Researchers foresee the ability to use the smartphone not only for data collection, but to provide interventions to increase self-discipline. According to the original paper, “Given these different mechanisms, it seems important to find out more about how the principles of moral contagion can be used in public policy interventions, and how moral slacking may be prevented.” The study is one of the first of its kind to study ethics outside of the laboratory. More studies will need to be done, but this one has made striking entrance into the real world.

It collected an impressive number of 13,240 responses, substantially more than most psychology studies. The larger the number of responses, the better that sample represents the general population of interest. This allows for robust results and generalization across large populations. But since participants were sampled exclusively from the West (US and Canada), researchers weren’t able to examine how cultures differ in their prioritization of moral values across cultures – a subject of great interest to moral scientists.

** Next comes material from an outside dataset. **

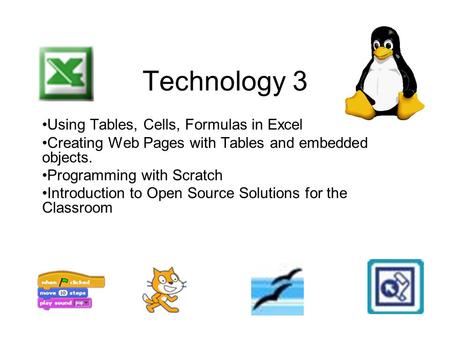 Technology 3 Using Tables, Cells, Formulas in Excel Creating Web Pages with Tables and embedded objects. Programming with Scratch Introduction to Open.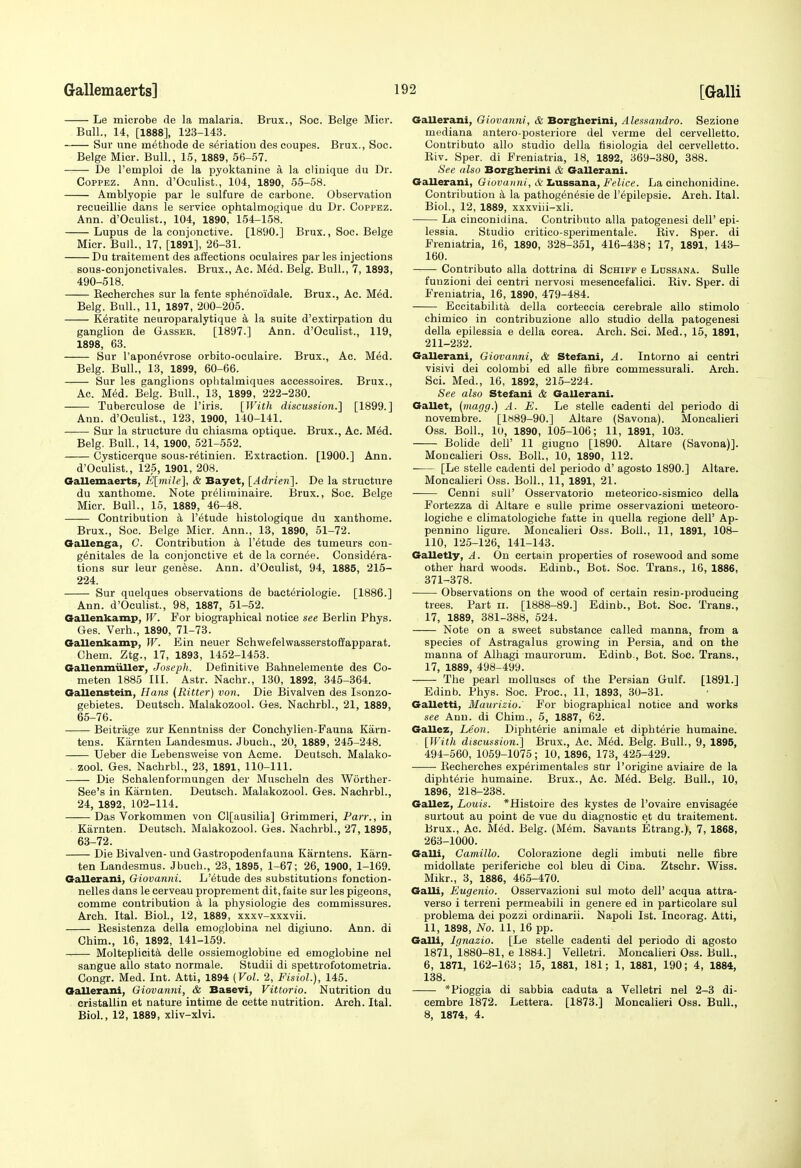 Le microbe de la malaria. Brux., Soc. Beige Micr. Bull., 14, [1888], 123-143. Sur une m^thode de seriatiou des coupes. Brux., Soc. Beige Micr. Bull., 15, 1889, 56-57. De I'emploi de la pyoktanine a la clinique du Dr. CoPPEZ. Ann. d'Oculist., 104, 1890, 65-58. Amblyopic par le sulfure de carbone. Observation recueillie dans le service ophtalmo{j;ique du Dr. Coppez. Ann. d'Oculist., 104, 1890, 154-158. Lupus de la conjonctive. [1890.] Brux., Soc. Beige Micr. Bull., 17, [1891], 26-31. Du traitement des affections oculaires paries injections sous-conjonctivales. Brux., Ac. M6d. Belg. Bull., 7, 1893, 490-518. Becherches sur la fente sphenoidale. Brux., Ac. M6d. Belg. Bull., 11, 1897, 200-205. K^ratite neuroparalytique a la suite d'extirpation du ganglion de Gasser. [1897.] Ann. d'Oculist., 119, 1898, 63. Sur I'apon^vrose orbito-oculaire. Brux., Ac. Med. Belg. Bull., 13, 1899, 60-66. Sur les ganglions ophtalmiques accessoires. Brux., Ac. M^d. Belg. Bull., 13, 1899, 222-230. Tuberculose de I'iris. [With discussion.] [1899.] Ann. d'Oculist., 123, 1900, 140-141. —— Sur la structure du chiasma optique. Brux., Ac. MM. Belg. Bull., 14, 1900, 521-552. Cysticerque sous-r6tinien. Extraction. [1900.] Ann. d'Oculist., 125, 1901, 208. Oallemaerts, E[mile], & Bayet, [Adrien]. De la structure du xanthome. Note preliminaire. Brux., Soc. Beige Micr. Bull., 15, 1889, 46-48. Contribution k I'^tude histologique du xanthome. Brux., Soc. Beige Micr. Ann., 13, 1890, 51-72. Gallenga, C. Contribution a I'etude des tumeurs con- g^nitales de la conjonctive et de la corn6e. Considera- tions sur leur genese. Ann. d'Oculist, 94, 1885, 216- 224. Sur quelques observations de baeteriologie. [1886.] Ann. d'Oculist., 98, 1887, 51-52. Gallenkamp, W. For biographical notice see Berlin Phys. Ges. Verb., 1890, 71-73. OaUenkamp, W. Ein neuer Schwefelwasserstoffapparat. Chem. Ztg., 17, 1893, 1452-1453. Gallenmuller, Joseph. Definitive Bahnelemente des Co- meten 1885 III. Astr. Nachr., 130, 1892, 345-364. Oallenstein, Hans (Ititter) von. Die Bivalven des Isonzo- gebietes. Deutsch. Malakozool. Ges. Nachrbl., 21, 1889, 65-76. Beitrage zur Kenntniss der Conchylien-Fauna Karn- tens. Karnten Landesmus. Jbuch., 20, 1889, 245-248. Ueber die Lebensweise von Acme. Deutsch. Malako- zool. Ges. Nachrbl., 23, 1891, 110-111. Die Schalenformungen der Muscheln des Worther- See's in Karnten. Deutsch. Malakozool. Ges. Nachrbl., 24, 1892, 102-114. Das Vorkommen von Cl[ausilia] Grimmeri, Parr., in Karnten. Deutsch. Malakozool. Ges. Nachrbl., 27,1895, 63-72. Die Bivalven- und Gastropodenfauna Karntens. Karn- ten Landesmus. Jbuch., 23, 1895, 1-67; 26, 1900, 1-169. Gallerani, Giovanni. L'6tude des substitutions fonction- nelles dans le cerveau proprement dit, faite sur les pigeons, comme contribution k la physiologic des commissures. Arch. Ital. Biol., 12, 1889, xxxv-xxxvii. Kesistenza della emoglobina nel digiuno. Ann. di Chim., 16, 1892, 141-159. Molteplicita delle ossiemoglobine ed emoglobine nel sangue alio stato normale. Studii di spettrofotometria. Congr. Med. Int. Atti, 1894 (Vol. 2, Fisiol.), 145. Oallerani, Oiovanni, & Basevi, Vittorio. Nutrition du cristallin et nature intime de cette nutrition. Arch. Ital. Biol., 12, 1889, xliv-xlvi. Gallerani, Giovanni, & Borgherini, Alessandro. Sezione mediana antero-posteriore del verme del cervelletto. Contributo alio studio della tisiologia del cervelletto. Kiv. Sper. di Freniatria, 18, 1892, 369-380, 388. See also Borgherini & Gallerani. Gallerani, Giovanni, & Iiussana, Felice. La cinchonidine. Contribution k la pathog6n6sie de I'^pilepsie. Arch. Ital. Biol., 12, 1889, xxxviii-xli. La cinconidina. Contributo alia patogenesi dell' epi- lessia. Studio critieo-sperimentale. Eiv. Sper. di Freniatria, 16, 1890, 328-351, 416-438; 17, 1891, 143- 160. Contributo alia dottrina di Schiff e Ldssana. Sulle fuuzioni dei centri nervosi mesencefalici. Riv. Sper. di Freniatria, 16, 1890, 479-484. Eccitabilit^ della corteccia cerebrale alio stimolo chimico in contribuzione alio studio della patogenesi della epilessia e della corea. Arch. Sci. Med., 15, 1891, 211-232. Gallerani, Giovanni, & Stefani, A. Intorno ai centri visivi dei colombi ed alle fibre commessurali. Arch. Sci. Med., 16, 1892, 215-224. See also Stefani & Gallerani. Gallet, (magg.) A. E. Le stelle cadenti del periodo di novembre. [1889-90.] Altare (Savona). Moncalieri Oss. Boll., 10, 1890, 105-106; 11, 1891, 103. Bohde deir 11 giugno [1890. Altare (Savona)]. Moncalieri Oss. Boll., 10, 1890, 112. [Le stelle cadenti del periodo d' agosto 1890.] Altare. Moncalieri Oss. Boll., 11, 1891, 21. Cenni sull' Osservatorio meteorico-sismico della Fortezza di Altare e sulle prime osservazioni meteoro- logiche e climatologiche fatte in quella regione dell' Ap- pennino ligure. Moncalieri Oss. Boll., 11, 1891, 108- 110, 125-126, 141-143. Galletly, A. On certain properties of rosewood and some other hard woods. Edinb., Bot. Soc. Trans., 16, 1886, 371-378. Observations on the wood of certain resin-producing trees. Part ii. [1888-89.] Edinb., Bot. Soc. Trans., 17, 1889, 381-388, 524. Note on a sweet substance called manna, from a species of Astragalus growing in Persia, and on the manna of Alhagi maurorum. Edinb., Bot. Soc. Trans., 17, 1889, 498-499. The pearl molluscs of the Persian Gulf. [1891.] Edinb. Phys. Soc. Proc, 11, 1893, 30-31. Galletti, Maurizio. For biographical notice and works see Ann. di Chim., 5, 1887, 62. Gallez, Leon. Dipht6rie animale et diphterie humaine. [With discussion.] Brux., Ac. M6d. Belg. Bull., 9, 1895, 494-560, 1059-1075; 10, 1896, 173, 425-429. Eecherches experimentales sur I'origine aviaire de la dipht6rie humaine. Brux., Ac. M6d. Belg. Bull., 10, 1896, 218-238. Gallez, Louis. *Histoire des kystes de I'ovaire envisagee surtout au point de vue du diagnostic et du traitement. Brux., Ac. M6d. Belg. (Mem. Savants Etrang.), 7, 1868, 263-1000. Galli, Camillo. Colorazione degli imbuti nelle fibre midoUate periferiche col bleu di Cina. Ztschr. Wiss. Mikr., 3, 1886, 465-470. Galli, Eugenio. Osservazioni sul moto dell' acqua attra- verso i terreni permeabili in genere ed in particolare sul problema dei pozzi ordinarii. Napoli 1st. Incorag. Atti, 11, 1898, No. 11, 16 pp. Galli, Ignazio. [Le stelle cadenti del periodo di agosto 1871, 1880-81, e 1884.] Velletri. Moncalieri Oss. Bull., 6, 1871, 162-163; 16, 1881, 181; 1, 1881, 190; 4, 1884, 138. *Pioggia di sabbia caduta a Velletri nel 2-3 di- eembre 1872. Lettera. [1873.] Moncalieri Oss. Bull., 8, 1874, 4.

Still, the study provides evidence that controlled but artificial laboratory findings also apply to people’s everyday moral experiences. Although the findings are tentative, they provide important areas for further research, and new methods to do so in real-time, everyday situations. “I think of this as a first look of how morality plays out in real life,” says Dr. Brian Nosek, a psychologist at the University of Virginia. “The first telescopes didn’t tell us everything about the galaxy, but they gave us a tantalizing sense of what’s out there.”